The idea is raised by a paper Maximum Inner-Product Search Using Cone Trees, which is given by Parikshit and Alexander. The idea is that we use a ball tree to partition the dataset until a particular number of tuples(N0) is reached. Thus the leaf node must contain equal or less tuples than the number. For each ball, we can easily compute the upper bound of the inner-product between the ball and the query by the mean and the radius. Therefore, we can traverse from the root to a specific leaf and finally find the inner-product under N0 times computations between a tuple and a query.
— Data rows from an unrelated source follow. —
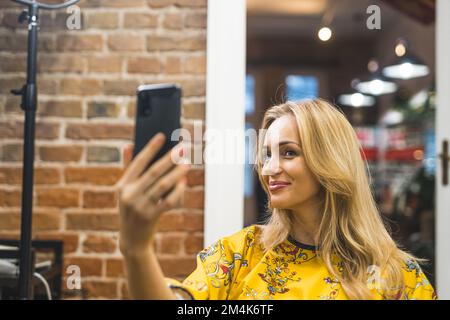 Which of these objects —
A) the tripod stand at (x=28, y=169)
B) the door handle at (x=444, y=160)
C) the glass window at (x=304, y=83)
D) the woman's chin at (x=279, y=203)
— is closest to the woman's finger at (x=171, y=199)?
the woman's chin at (x=279, y=203)

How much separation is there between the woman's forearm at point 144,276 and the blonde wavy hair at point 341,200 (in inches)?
18.5

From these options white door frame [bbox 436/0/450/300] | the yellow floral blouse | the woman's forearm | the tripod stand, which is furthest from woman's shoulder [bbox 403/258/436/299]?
the tripod stand

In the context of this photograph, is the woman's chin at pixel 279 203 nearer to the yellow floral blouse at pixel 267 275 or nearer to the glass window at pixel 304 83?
the yellow floral blouse at pixel 267 275

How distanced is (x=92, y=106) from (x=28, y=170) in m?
0.40

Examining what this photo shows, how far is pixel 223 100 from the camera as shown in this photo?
177 centimetres

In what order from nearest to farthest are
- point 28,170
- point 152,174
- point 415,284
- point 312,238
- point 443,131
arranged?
point 152,174 < point 415,284 < point 312,238 < point 28,170 < point 443,131

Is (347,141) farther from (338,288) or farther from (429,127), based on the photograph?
(429,127)

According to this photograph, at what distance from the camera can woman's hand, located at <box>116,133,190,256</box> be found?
0.77m

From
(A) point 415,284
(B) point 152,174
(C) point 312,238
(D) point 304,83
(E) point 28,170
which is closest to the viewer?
(B) point 152,174

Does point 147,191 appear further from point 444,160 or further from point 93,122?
point 444,160

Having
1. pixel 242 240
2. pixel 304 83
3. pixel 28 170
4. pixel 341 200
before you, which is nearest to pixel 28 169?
pixel 28 170

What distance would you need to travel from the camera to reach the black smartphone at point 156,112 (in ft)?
2.73

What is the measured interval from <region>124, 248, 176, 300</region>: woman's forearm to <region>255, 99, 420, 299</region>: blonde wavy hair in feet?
1.54

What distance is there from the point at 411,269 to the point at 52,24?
1.39m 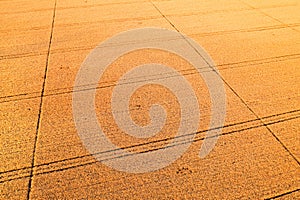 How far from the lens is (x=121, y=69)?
479 centimetres

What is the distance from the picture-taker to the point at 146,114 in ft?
12.6

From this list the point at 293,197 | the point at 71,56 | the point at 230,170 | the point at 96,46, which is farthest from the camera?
the point at 96,46

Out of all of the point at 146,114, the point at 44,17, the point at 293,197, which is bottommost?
the point at 293,197

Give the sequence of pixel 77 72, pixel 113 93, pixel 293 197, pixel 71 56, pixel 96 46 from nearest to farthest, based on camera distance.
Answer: pixel 293 197 → pixel 113 93 → pixel 77 72 → pixel 71 56 → pixel 96 46

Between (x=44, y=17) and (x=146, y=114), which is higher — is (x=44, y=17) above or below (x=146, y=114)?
above

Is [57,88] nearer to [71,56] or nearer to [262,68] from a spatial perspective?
[71,56]

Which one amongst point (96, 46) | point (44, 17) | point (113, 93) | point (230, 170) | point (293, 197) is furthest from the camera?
point (44, 17)

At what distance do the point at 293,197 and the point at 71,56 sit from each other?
13.8 feet

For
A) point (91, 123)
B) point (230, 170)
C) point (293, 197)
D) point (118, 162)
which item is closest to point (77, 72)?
point (91, 123)

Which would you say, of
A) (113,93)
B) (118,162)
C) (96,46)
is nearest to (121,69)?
(113,93)

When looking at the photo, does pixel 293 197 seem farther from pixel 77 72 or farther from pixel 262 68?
pixel 77 72

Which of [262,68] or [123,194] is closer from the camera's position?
[123,194]

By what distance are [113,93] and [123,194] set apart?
1.77 m

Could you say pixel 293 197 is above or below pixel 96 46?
below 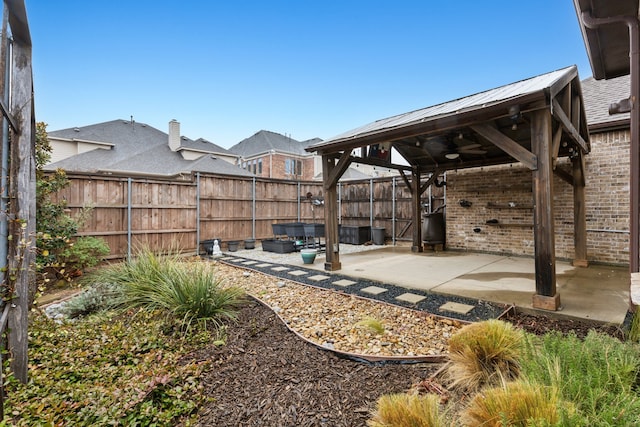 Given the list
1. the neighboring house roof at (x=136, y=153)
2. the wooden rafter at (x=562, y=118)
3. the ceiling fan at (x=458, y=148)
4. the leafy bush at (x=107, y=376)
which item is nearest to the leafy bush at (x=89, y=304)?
the leafy bush at (x=107, y=376)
This implementation is the outer-storage version. The ball trees are build in the memory and are written into binary files. When using the trees to find the maximum inner-product, just load the trees from the files page by page and then do the process work. The implementation is divided into several tasks.
Use make
in the root directory to build the excution file.
Then execute bin/main
to launch the application in the root directory.
Note that you should always stay in the root directory, otherwise the relative paths won't work.
- Tree Building. --- Finished.
- Tree Storage. --- Finished.
- Tree Loading. --- Finished.
- Maximum Inner-product and Tree Trimming. --- Finished.
- (optional) Tree insertion and deletion. --- 0%.
- (optional) Quadratic Ball Tree Implementation. --- 90%.
- Store the nodes through pages and slots with each page size of 64KB.
- Every slot only stores one tree node.
- Every node has an ID, and access as well as storage are implemented by ID.
- (Reference) Sperate the storage of leaf nodes and non-leaf nodes.
- (Reference) Tuples are straightly stored into non-leaf nodes.
Finish the queries with as little memory as possible and as fast as possible.
Mnist (For debugging) and Netflix
Datasets | #Objects | #Dimension | #Query | B | Data Size |
---|---|---|---|---|---|
Mnist | 60,000 | 50 | 1000 | 64KB | 9.4MB |
Netflix | 17770 | 50 | 1000 | 64KB | 8.5MB |
Non-Leaf Node
{ int[4](leftRid and rightRid), float(radius), float[dimension](mean), bool[2](isLeftChild, isRightChild) }
Leaf Node
{ int(k), float[dimension](mean), float(radius), float[N0][dimension](k tuples) }